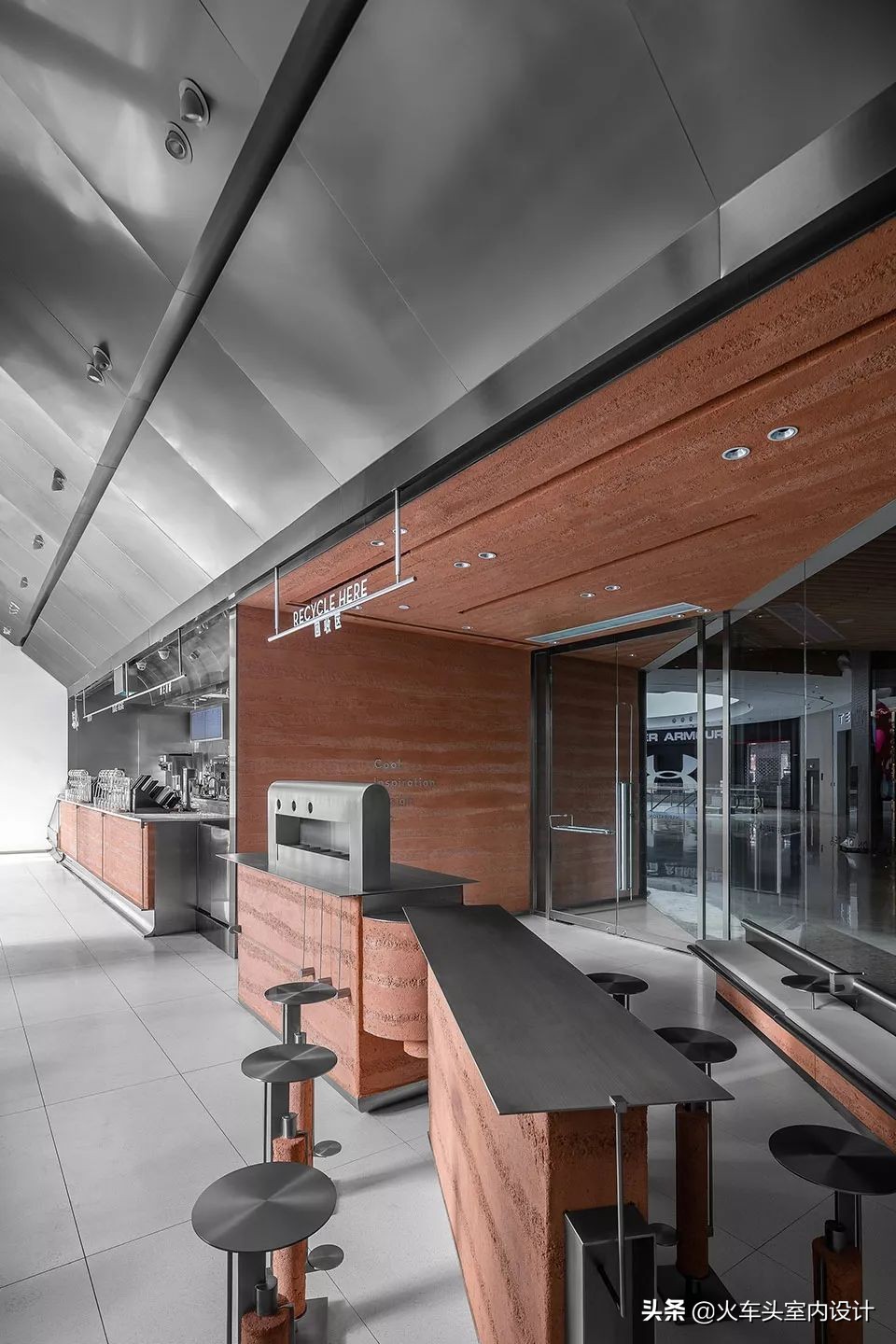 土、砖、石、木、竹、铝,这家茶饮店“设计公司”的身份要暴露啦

...

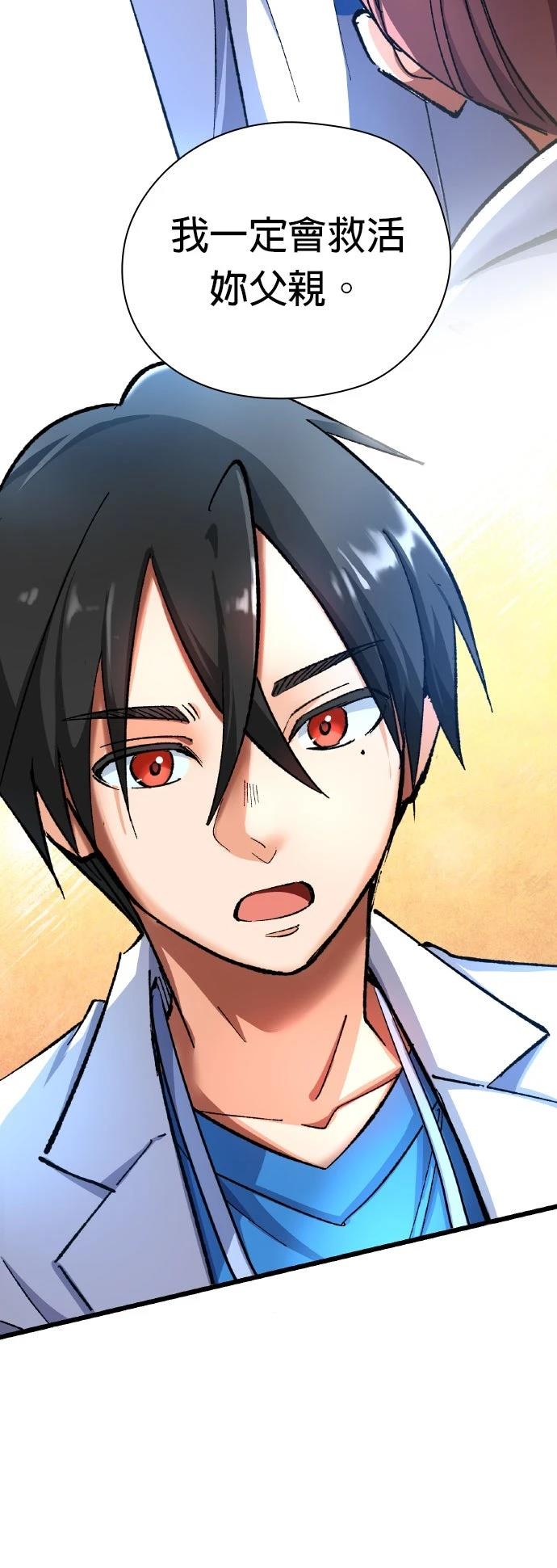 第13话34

--

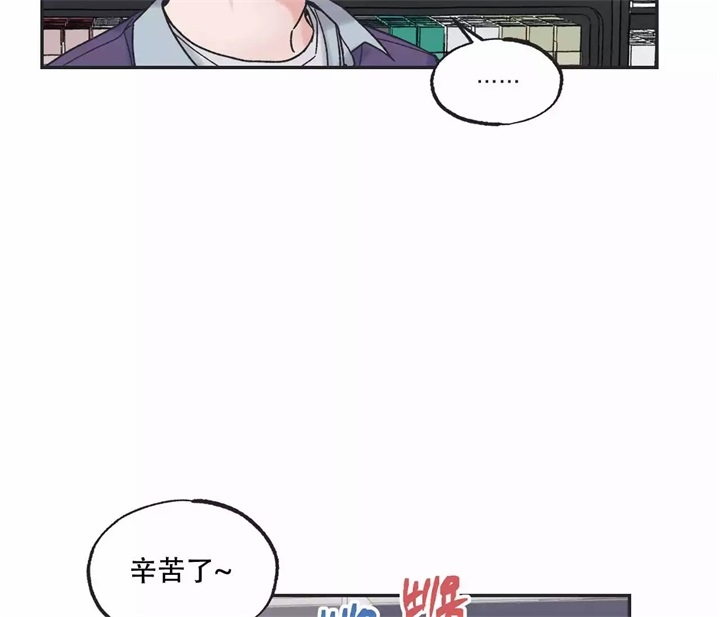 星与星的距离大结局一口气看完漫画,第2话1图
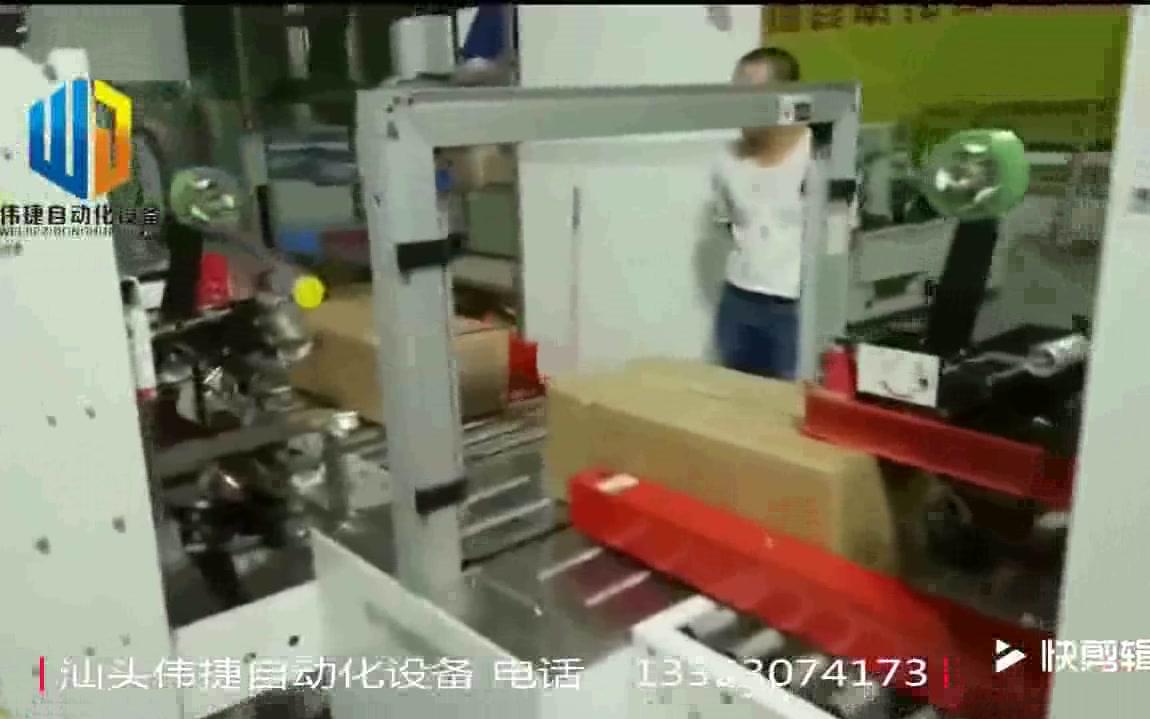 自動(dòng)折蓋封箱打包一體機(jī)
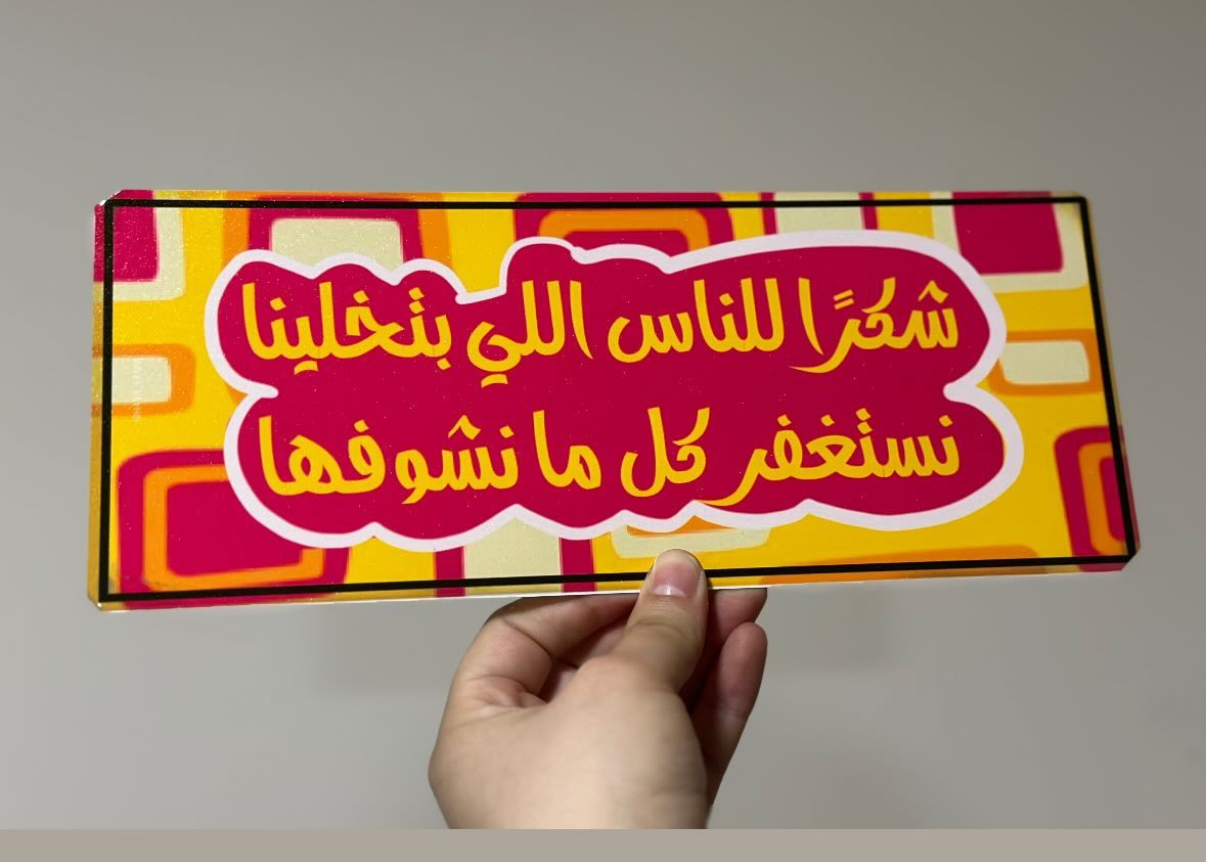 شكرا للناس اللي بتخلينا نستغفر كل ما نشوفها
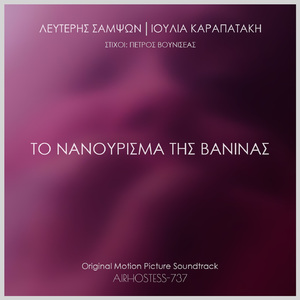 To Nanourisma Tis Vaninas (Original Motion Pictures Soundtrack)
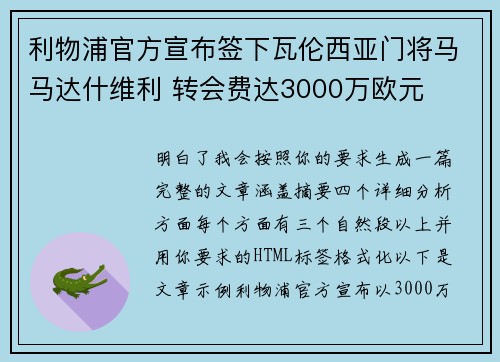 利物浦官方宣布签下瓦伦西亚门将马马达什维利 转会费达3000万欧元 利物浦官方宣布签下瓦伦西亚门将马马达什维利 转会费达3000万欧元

[WORK ORDER]:
Above are the records. Copy word for word only their lines from the one holding "To Nanourisma Tis" through the one holding "利物浦官方宣布签下瓦伦西亚门将马马达什维利 转会费达3000万欧元 利物浦官方宣布签下瓦伦西亚门将马马达什维利", both included, and skip the images.

[ANSWER]:
 To Nanourisma Tis Vaninas (Original Motion Pictures Soundtrack)
 利物浦官方宣布签下瓦伦西亚门将马马达什维利 转会费达3000万欧元 利物浦官方宣布签下瓦伦西亚门将马马达什维利 转会费达3000万欧元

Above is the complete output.